2 dimensional embedding:tensor([[[[0.7808, 0.7868, 0.6942],
          [0.5475, 0.7632, 0.5925],
          [0.4733, 0.4298, 0.9889],
          [0.2916, 0.9522, 0.1331],
          [0.3567, 0.5843, 0.9117]],

         [[0.9080, 0.9921, 0.0865],
          [0.8223, 0.4205, 0.7956],
          [0.0150, 0.7352, 0.6009],
          [0.7414, 0.3398, 0.8795],
          [0.7309, 0.1035, 0.8814]]],


        [[[0.2508, 0.4999, 0.8504],
          [0.1842, 0.2682, 0.2584],
          [0.4942, 0.1009, 0.9256],
          [0.5841, 0.6895, 0.1570],
          [0.9514, 0.1604, 0.2270]],

         [[0.8479, 0.4176, 0.6745],
          [0.4648, 0.4139, 0.1350],
          [0.7314, 0.8723, 0.5420],
          [0.6580, 0.8016, 0.8920],
          [0.6776, 0.1732, 0.4551]]]]) of size torch.Size([2, 2, 5, 3])


### Cosine Similarity
`PyTorch` provides convenient api for computing cosine similarity between two tensor, however it's confusing when dimension is more than one.

- From my perspective, the `dim` parameter can be viewed as the dimension to *compress*, which means computing cosine similarity along `dim` is actually transforming the vector on this dimension to a single value.
- As for calculating, we first slice the tensor of given `dim` and compute cosine similarity pair-wise
- when `dim` is higher dimension:
    - `dim` = 0: value at the same place across the batch will be packed into a vector
    - `dim` = -1: value at the last dimension will be collected into a vector

In [None]:
from torch.nn import CosineSimilarity

" example for cosine similarity along the last dimension "
cos = CosineSimilarity(dim=2)

a = torch.rand((3,2,3))
b = torch.rand((3,2,3))

c = a[0]
d = b[0]

e = a[:,0,:].unsqueeze(dim=1)
f = b[:,0,:].unsqueeze(dim=2)
g = a[:,1,:].unsqueeze(dim=1)
h = b[:,1,:].unsqueeze(dim=2)

result_1 = torch.matmul(e,f) / torch.sqrt(torch.matmul(e,e.permute(0,2,1)) * torch.matmul(f.permute(0,2,1),f))
result_2 = torch.matmul(g,h) / torch.sqrt(torch.matmul(g,g.permute(0,2,1)) * torch.matmul(h.permute(0,2,1),h))

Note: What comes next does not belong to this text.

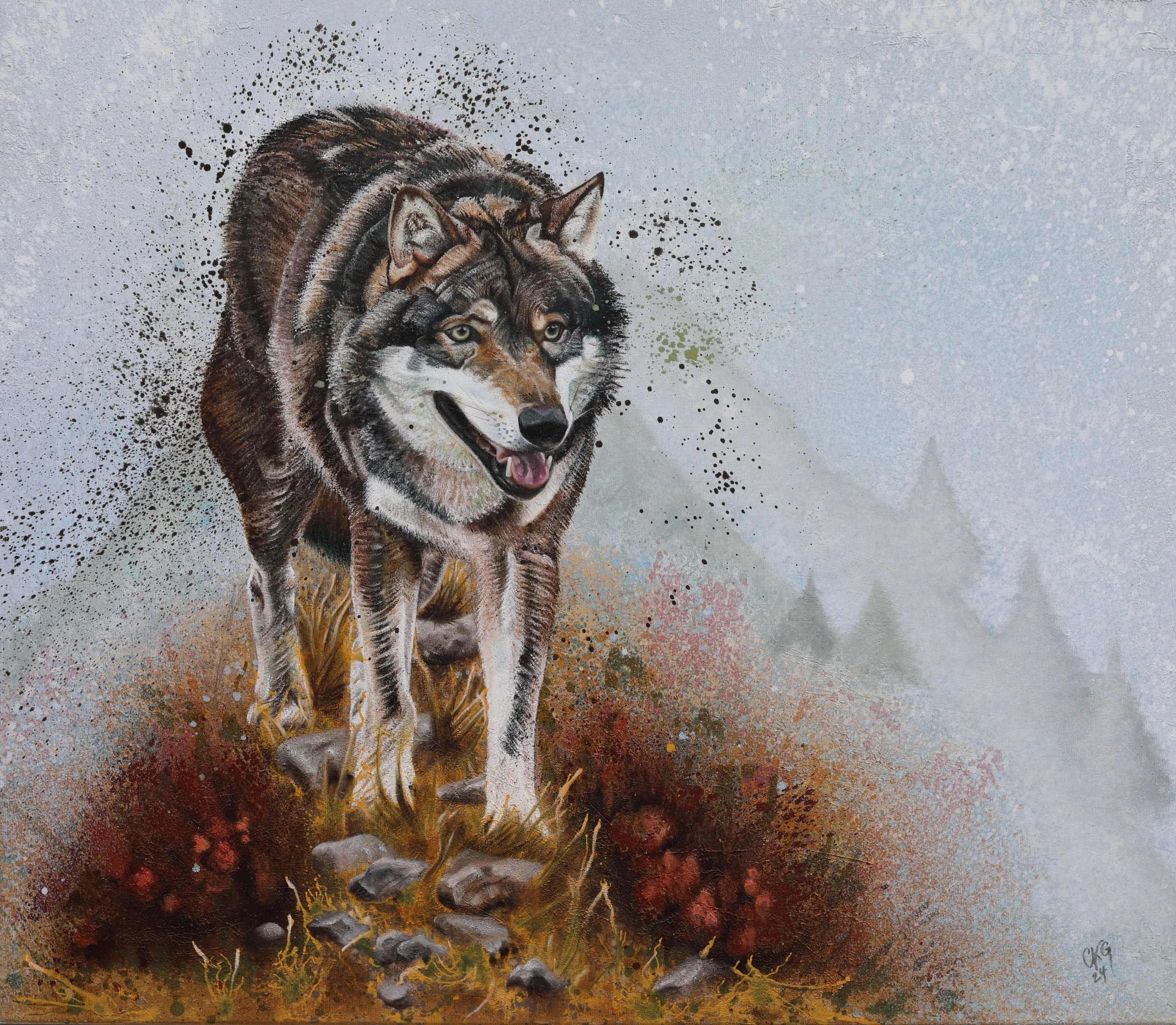 Einsamer Wolf auf Gratwanderung in den Alpen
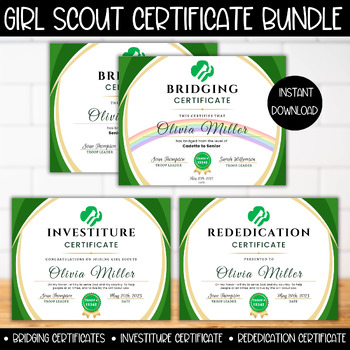 Preview of Girl Scout Bridging Ceremony Rededication Investiture Certificate Bundle 111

cos_2 = CosineSimilarity(dim=1)
cos(a,b), cos_2(c,d), result_1.squeeze(), result_2.squeeze()

### Layer Normalization

Layer Normalization is applied over the last given dimensions of the input tensor, i.e. `mean` and `variance` are calculated within the current input, rather than the whole batch

In [4]:
LayerNorm = torch.nn.LayerNorm((2,3))
a = torch.tensor([[[-0.5,0.5,0],[0,1,-1]],[[1,2,3],[5,9,11]]])
a,LayerNorm(a)

(tensor([[[-0.5000,  0.5000,  0.0000],
          [ 0.0000,  1.0000, -1.0000]],
 
         [[ 1.0000,  2.0000,  3.0000],
          [ 5.0000,  9.0000, 11.0000]]]),
 tensor([[[-0.7746,  0.7746,  0.0000],
          [ 0.0000,  1.5492, -1.5492]],
 
         [[-1.1352, -0.8627, -0.5903],
          [-0.0454,  1.0444,  1.5893]]], grad_fn=<NativeLayerNormBackward>))

## torch.autograd
Only when the operation in the forward phrase is **not differentiable** while you want the gradient to be pass through that you should rewrite torch.autograd, where you can define your own backward algorithm to give an approximate gradient of the **indifferentiable** operation.